The 656 ha Lac Laval, 42 km from its mouth, is sometimes taken as the source of the river.
The river then flows through Lac Éric and Lac Courdeau, then enters a flat-bottomed valley where it is fed by the Adam River, receives water from Lac MacDonald and Lac Madeleine, and then enters Lac à Jacques.

Below this lake, after some rapid sections, the river passes under Quebec Route 138 at Pont-Laval, near its mouth.
The 33 ha Laval River Rare Forest (Forêt rare de la Rivière-Laval) is on the east side of the river between Lac à Jacques and Route 138.
It is unusual in including red pines (Pinus resinosa), which are very rare on the Côte-Nord.
The river enters the Saint Lawrence in the Baie Laval just north of the community of Forestville.
The Pointe Laval defines the southeast point of the bay, and the Île Laval is in the mouth of the bay.
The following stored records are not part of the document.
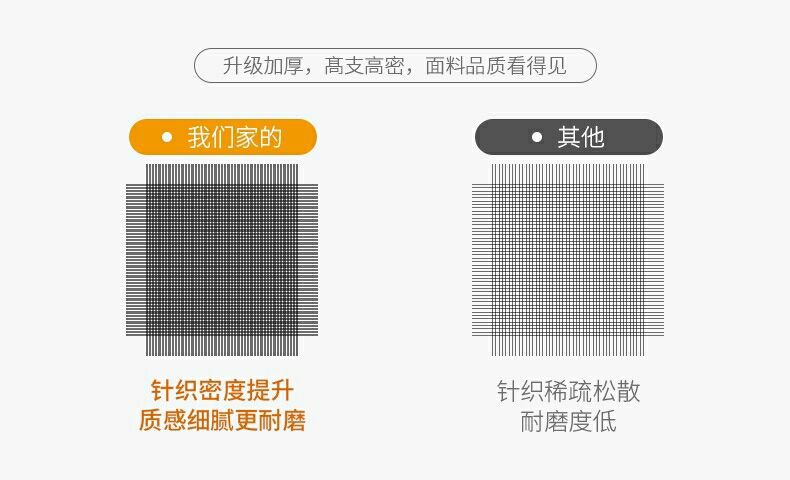 图片_20201024132437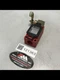 BERNSTEIN Limit Switch ENK-UV1Z AHS Used #121363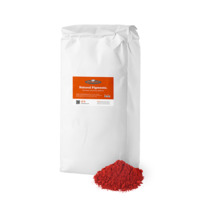 Crimson Red_25kg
The rate of flow of the river varies considerably, from slow to fast.
The bed of the river is rather dark, the waters are not very clear, and some of the pools are black.
After rain the river level and color change significantly.

==Fishing==

For many years Anglo Pulp and Paper, a paper mill, owned the fishing rights, until the government of Quebec made the river a wildlife reserve.
The Forestville Hunting and Fishing Association was formed on 16 October 1968, and in 1978 became responsible for a 1325 km2 reserve known as the Forestville ZEC (zone d’exploitation contrôlée: controlled use zone).
The Association took over management of the Laval River in spring of 1980.
The Forestville Hunting and Fishing Association now manages the River Laval ZEC.
There are 67 salmon pools and 45 trout pools.
Both the Atlantic salmon (Salmo salar) and the sea trout (Salmo trutta) are plentiful and are much larger than average.
The large Lac à Jacques holds excellent northern pike (Esox lucius).
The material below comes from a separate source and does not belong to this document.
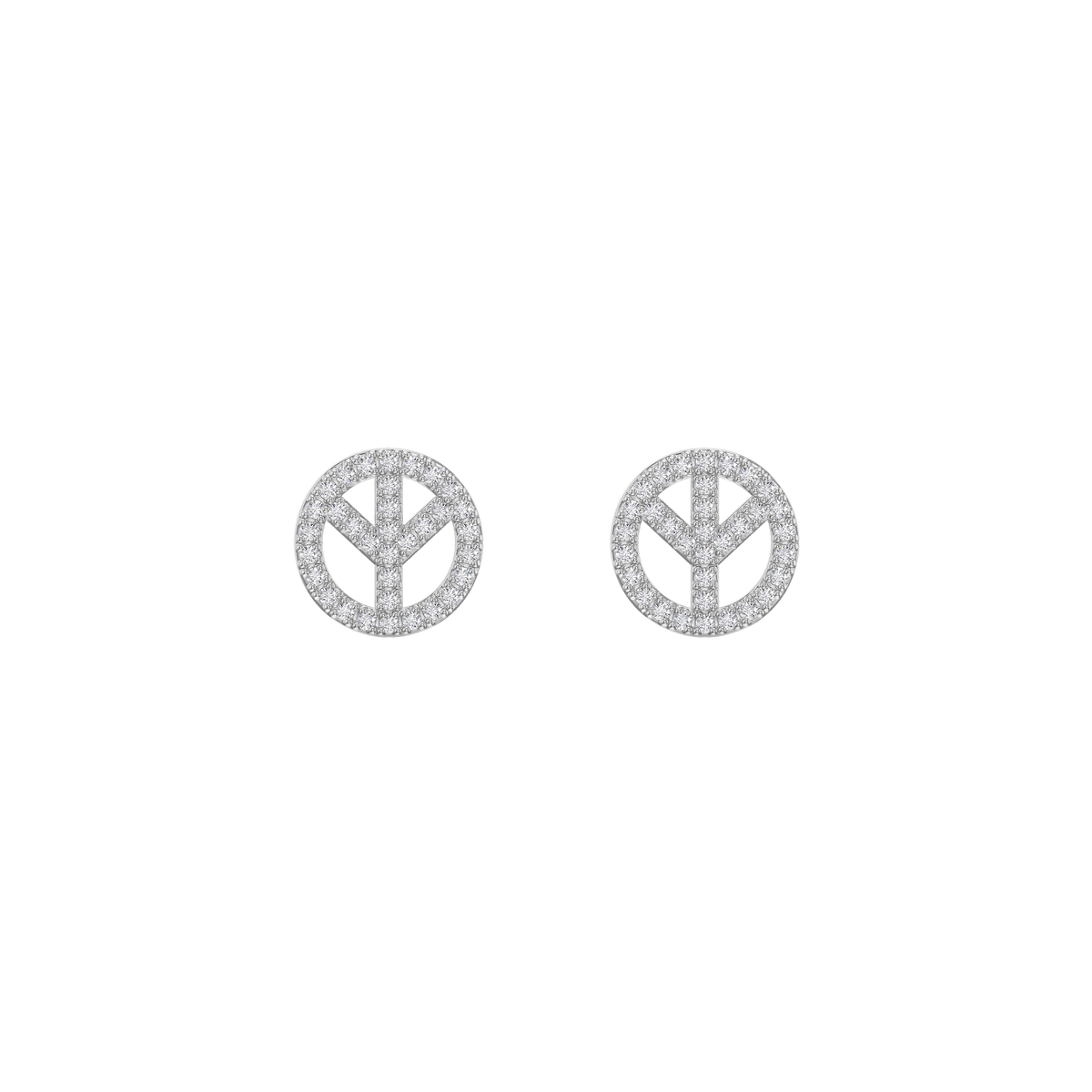 HOER0119 - White Gold - Product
In May 2015 the Ministry of Forests, Wildlife and Parks of Quebec announced a sport fishing catch-and-release program for large salmon on sixteen of Quebec's 118 salmon rivers.
These were the Mitis, Laval, Pigou, Bouleau, Aux Rochers, Jupitagon, Magpie, Saint-Jean, Corneille, Piashti, Watshishou, Little Watshishou, Nabisipi, Aguanish and Natashquan rivers.
The Quebec Atlantic Salmon Federation said that the measures did not go nearly far enough in protecting salmon for future generations.
In view of the rapidly declining Atlantic salmon population catch-and-release should have been implemented on all rivers apart from northern Quebec.

In 2019 the Upper North Shore Watershed Agency (Organisme des bassins versants de la Haute-Côte-Nord) conducted inventories of the fish in the Laval River's tributaries.
They had studied the spawning grounds of the river in 2018, and concluded there was no obstacle to the salmon run on one of the tributaries.
Three more tributaries had been identified that could be accessible.
By better understanding the streams used for reproduction by the Atlantic salmon they would be able to better protect the environment and thus protect the fish.